Parenting is a tale of loss and gain, of pride and pain.
Your children occupy a place in your heart that you cannot still and numb no matter how you try. There is no Novocain to take away the ever-present fear that, no matter how strong they are, no matter how old they are, no matter how smart or how well you raised them – they might get hurt and you are not there to help them through it.
In my life I have endured some things which have taught me how to turn off my emotions when necessary. Like a light switch I can reach out and simply flip them off and exist as an observer of my own life and those around me.
It is a horrible thing. I admit I have used it too often to my own detriment but there are times when not feeling is too great a temptation not to dive into. The problem is that while I can turn them off I cannot seem to consciously turn them back on. They turn on in their time.
Thankfully with my children I cannot do this. I cannot switch off my emotions with them.

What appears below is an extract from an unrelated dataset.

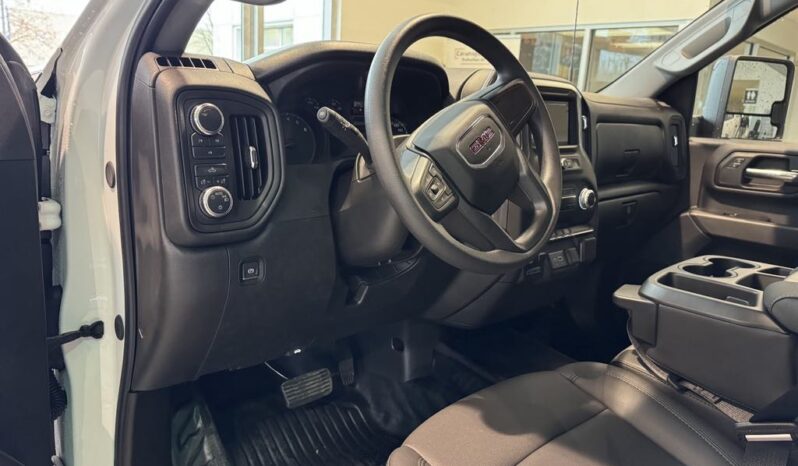 
								2025 GMC Sierra 2500 4wd Crew Cab full									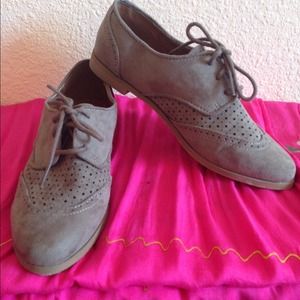 PRICE CUT- Oxford shoes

Like a normal human being I must walk through life feeling every fear and pain related to them I am, as a father, required to.
My middle child, my second son, my first Caleb Michael, has started his military career.
I was asked recently how long he will be gone and this gave me pause. I had not thought about it. I had tricked myself into believing I was sending him to summer camp.
But the reality is he has started his chosen life.
“I guess forever…” was what I said.
Of course this is a tad dramatic but I have always had a flair for hyperbole.
But then again this is his new life. This is his job now. He will spend three months in Basic Training at the Canadian Forces Leadership and Recruit School in Saint-Jean-sur-Richelieu, Quebec. Following this he will be assigned to an infantry regiment where he will go through eight more months of infantry training.
“Infantry?!?” I said. “Why infantry?” Having served in the 11th Field Regiment, Artillery, I was puzzled.
“I wanted the hardest combat option.”
Of course he did.
For almost a year he has been working out in preparation for the challenge. I am not concerned about his physical abilities, this is not the hardest part of military training…the mental test is by a huge margin, the most difficult.
I sent him to every sub-reddit, video, and harrowing personal tale I could find on the internet. If he was going in for something like this he would be damn well informed about at least.
Nothing swayed him.
So now my boy, just 17 years old, is living on a base bunking with five other young men, training to serve his country.
When he comes home it will be for holidays or because the military didn’t work out for him. If it doesn’t work out that’s fine too. I told him as much. Whether he’s in five minutes, five days, five years or until he retires it makes no difference to me and how proud I am of him.
Still he has moved on and into his own life now. My second son to do so.
Matthew, my eldest, moved out more than two years ago. At first it seemed like an experiment. Just like when I told myself Caleb was going to camp I convinced myself that Matt was taking a little time to experience the world and he would be back.
He applied for university and was accepted everywhere but was not convinced the programs were what he wanted long term.
“Dad I don’t want to go into $40,000 or more of debt and come out trained for a career I might not even want.”
It was difficult to argue with this.
Instead he got a job at a local company to save money and decide what he wanted. Now after almost three years he has been promoted into the company’s computer technician company and feeling like he has a career and loyalty to a good employer.
He is happy, living on his own, saving his money, investing in RRSPs and what more could a father ask of a son.
And so he is on his own. Out of the house.
It is weird.
As with Matt’s moving out Caleb’s departure has been felt slowly. There are small absences. It is not unlike grieving really. When I am shopping I will stop at the tortilla chip section prepared to buy Caleb his customary weekly family pack only to realize there is no need to.
I think September and the school year will be most challenging. Caleb and I would walk/ride to school together since my work is just a block away. At lunch we would go home together as well. I would make him lunch and we would spend the time chatting about one thing or another – mostly video games or movies.
It is these small absences that pile up.
I know he is there, in the world, being Caleb just as Matt is literally down the street in his own apartment, and the world is better for it, it has gained – but it is difficult sometimes and unlike other pains I cannot shut this one off no matter how much I try.